The database pool is initialized having max_idle_pool_size equal to max_pool_size so that all created connections are accepted back into the pool.

Has anyone experienced something similar? Any hints on what might be wrong or what we may be missing? Any idea or help is highly appreciated.

Some follow up questions in regards to the first issue:

1. Do you get the same increase in response time w/o the DB interactions?
2. Are the endpoints doing anything with class vars in regards to sharing state?
3. Are you using the DB::Database methods within each endpoint? I.e. to ensure each request gets its own connection from the pool.

Some code/commands that can be used to reproduce this behavior would be .

@Blacksmoke16: Thanks a lot for your reply!

1. Do you get the same increase in response time w/o the DB interactions?

No, if the endpoint gets the response body e.g. from memory or a file, the response times are close to what it takes to process a single request and stay that way even for a batch of several hundred requests.

2. Are the endpoints doing anything with class vars in regards to sharing state?

The stats counters are stored in class variables; they are updated on each request (naturally).

3. Are you using the DB::Database methods within each endpoint? I.e. to ensure each request gets its own connection from the pool.

We are using query_each and we can observe the pool size growing up to the limit given, so yes, it is confirmed that each request gets its own connection. Large enough batches do produce PoolTimeouts.

Some code/commands that can be used to reproduce this behavior would be .

I guess we need to prepare an example equivalent to the application at stake. Wanted to check first if we aren’t missing something obvious Any ideas based on my feedback? Thanks!

Just to confirm, something like:

DATABASE = DB.open "..."

# ...

DATABASE.query_each "..." do 
  # ...
end

yea?

Yea this would be quite helpful for debugging. Doesn’t have to be the exact query or anything. Tho would be worth trying something super simple like DATABASE.scalar "SELECT 1;" and see if that reproduces it, otherwise maybe the problem comes from something more unique used in your query if its not a simple select.

Just to confirm, something like …

Yes, exactly -

db = ::DB.open "postgres://scott:tiger@localhost/database"

db.query_each sql_statement, query_param

The query itself is a union of two SELECTs returning sometimes quite a lot of records (~ 40,000). The issue seems to appear for big resultsets, not so much for smaller ones.
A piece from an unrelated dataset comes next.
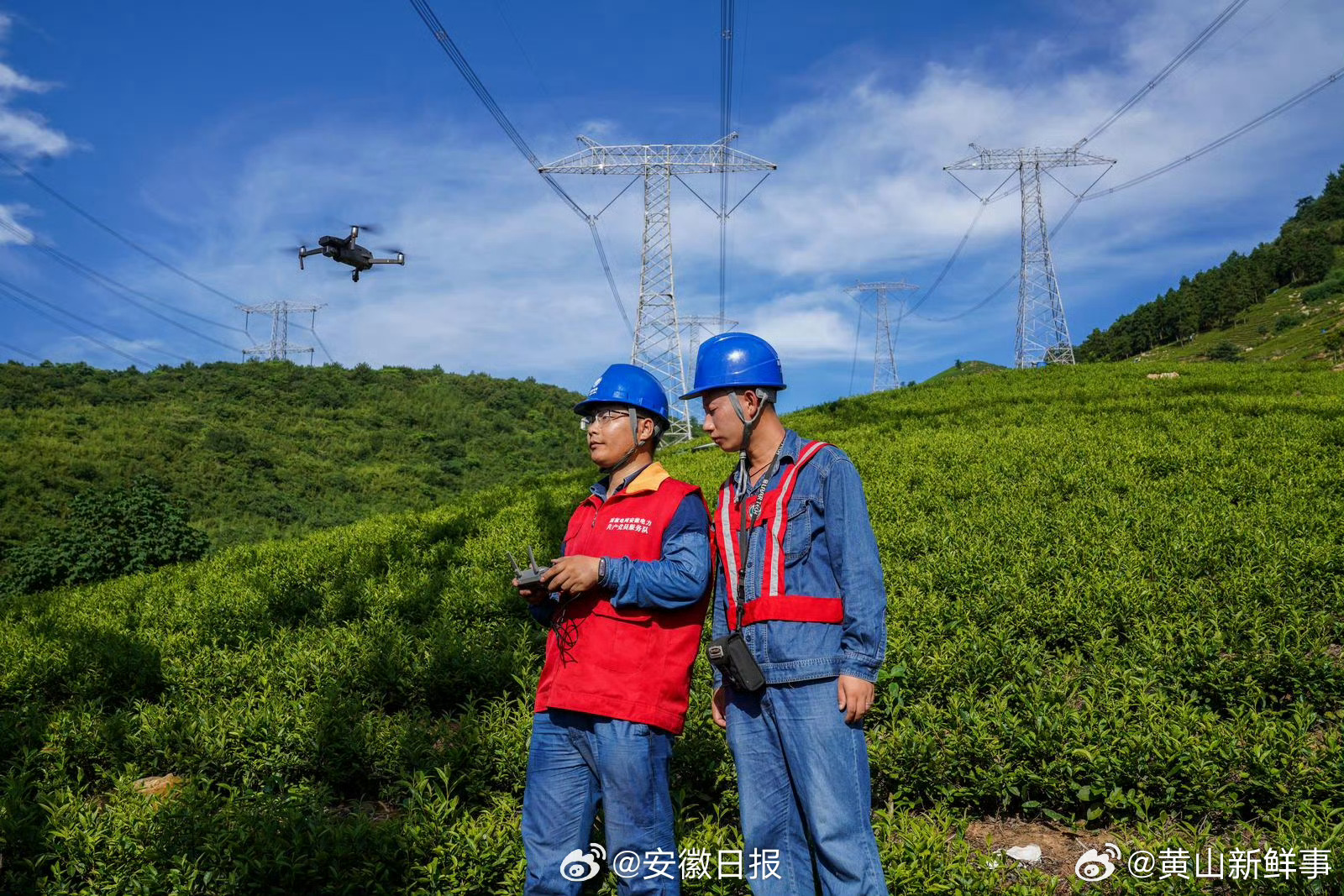 【宣城建成全国首个林电共安试点区 】经过近一年的持续攻坚，截至1月10日，宣城市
we need to prepare an example

… this would be quite helpful for debugging

Yeah, I guess so. Will try to find the simplest setup that reproduces it.

Thanks so much for attending!

I experienced something similar to this a while ago which if I remember correctly I think I solved using using_connection to take a connection out of the pool explicitly.

db.using_connection do |conn|
  conn.query_each statement, params
end

I never fully tracked down the issue but had a hunch it was related to connections not properly being released.

@garymardell: Thanks a lot for sharing! Tried that but doesn’t seem to change the outcome for this case, unfortunately

@Blacksmoke16:
I’ve set up a repository here with a db-seeding tool and a showcase application which spawns a bunch of fibers doing queries to the db backend. Seems to reproduce the issue quite well.

The default backend is Postgres. If you have the time to also setup a SQLite database and run the showcase app against that, you will see the difference – for the SQLite case there is no growth of the processing times. Also, now I often experience the “lost fibers” phenomenon with the Postgres backend but never had that occur with the SQLite one. Just FYI.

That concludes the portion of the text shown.